Molly McGuire received a BA in English with an emphasis in Creative Writing from the University of Wisconsin-Madison, where her senior creative writing thesis won a UW Bookstore Academic Excellence award and the Cy Howard Prize. She is currently pursuing an MFA in Creative Writing at UMass Boston.

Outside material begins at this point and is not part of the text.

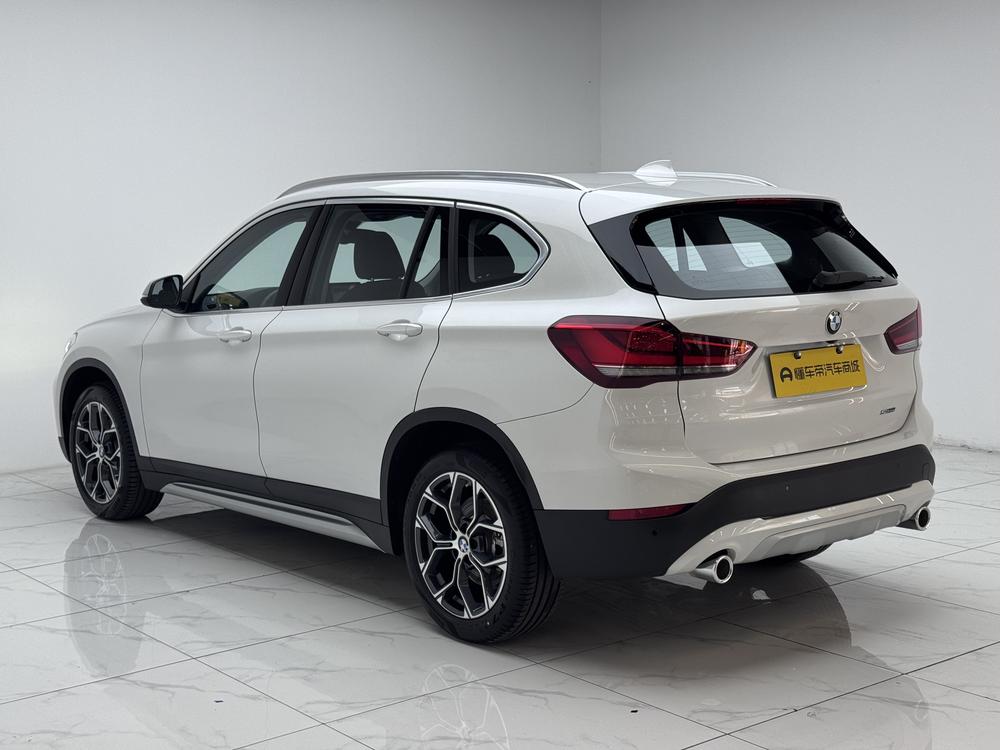 BMW X1 2022 sDrive20Li Premium – фото 5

Julie L. Moore is the author of Slipping Out of Bloom, forthcoming from WordTech Editions, and the chapbook, Election Day (Finishing Line Press). Moore is a Pushcart Prize nominee and recent recipient of the Rosine Offen Memorial Award from the Free Lunch Arts Alliance in Illinois, the Janet B. McCabe Poetry Prize from Ruminate: Faith in Literature and Art, and the Judson Jerome Poetry Scholarship from the Antioch Writers' Workshop. Moore has contributed poetry to Alaska Quarterly Review, Atlanta Review, CALYX, Chautauqua Literary Review, Cimarron Review, Dogwood, The MacGuffin, Sou'Wester, Valparaiso Poetry Review, and others.
Heather Napualani Hodges is pursuing various inertias. She is currently working on a collaborative visual art/writing installation project entitled Pieces in Buenos Aires, Argentina, with visual artist Julie Jansen. Each day something is created, placed carefully, then left behind.

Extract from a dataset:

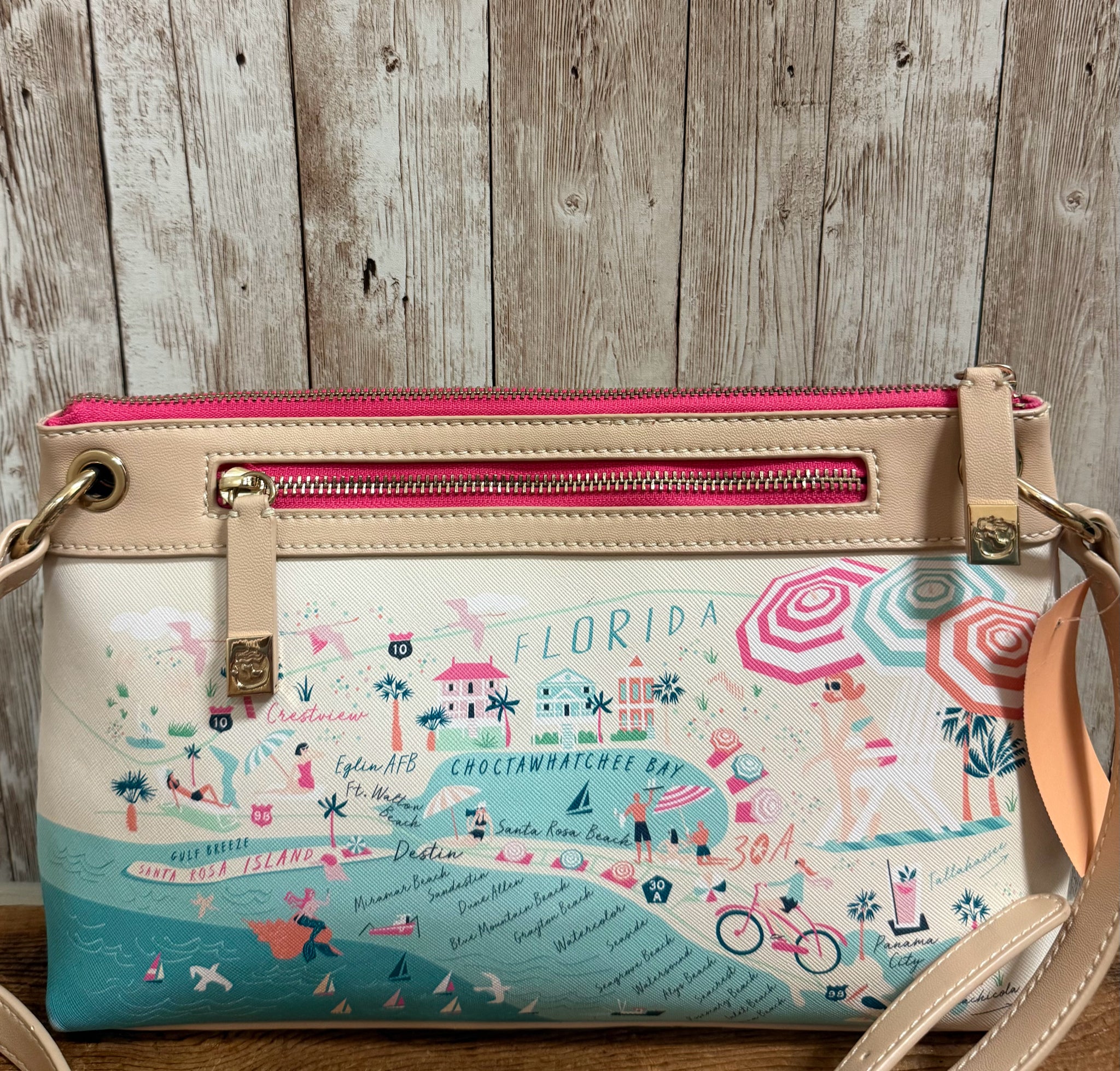 SPARTINA Purse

Jon Ballard's poetry has appeared or is forthcoming in Flint Hills Review, Two Review, Oklahoma Review, River Oak Review, and Valparaiso Poetry Review, among many others. He is the author of four poetry chapbooks, most recently Such Small Rain (Pudding House, 2009). Currently he lives in North Carolina.
S.D. Mullaney is currently pursuing his MFA in Poetry at the University of Massachusetts, Boston. His first full-length collection of poems, Follow the Wolf Moon, appeared in January 2005. His poems have appeared and/or will appear in The New York Review, Breakwater, and Hoi Polloi. He is a regular contributor to the online political journal Pemmican. His poetry has been featured as part of the Unitarian Universalist Association's celebration of marriage equality in Massachusetts. Other work has been featured on WOMR 92.1 FM, Radio Provincetown and WERS 88.9 FM, Boston. He's been working on a spoken-word album for a couple of years.
Rebecca Coffey is a documentary videographer and radio commentator (Vermont Public Radio), who writes both nonfiction and fiction. Her documentaries have won major awards. Her nonfiction book Unspeakable Truths and Happy Endings won recognition from the American Library Association's Choice magazine as an Outstanding Academic Book. She is an occasional contributor to Discover Magazine, and has had short fiction published in JMWW, Miranda, and Narwhal.
Robert Paul Moreira lives and writes in South Texas. His written works have appeared or are forthcoming in Storyglossia, Bartleby Snopes, Aethlon: The Journal of Sports Literature, Interstice Literary Journal, The Quay, and The Acentos Review.
Dominic Saucedo, a native of Los Angeles, now happily resides in Minneapolis. He has received fellowships from the Minnesota State Arts Board, SASE/Jerome Foundation, and The Fine Arts Work Center in Provincetown. "Omar, Then Elias," is one story from a collection, Knowing You in Snow. The title piece appears in "Fiction on a Stick": Stories by Writers from Minnesota (Milkweed Editions, 2009).
Jesse Goolsby is an author and poet currently teaching composition, literature, and creative writing in Colorado. His work has appeared in Harpur Palate, Storyglossia, Breakwater Review, Vestal Review, War, Literature & the Arts, Oak Bend Review, and various anthologies. His short story "Derrin of the North" won the 2009 John Gardner Memorial Award in Fiction. He serves as the Fiction Editor for War, Literature & the Arts: An International Journal.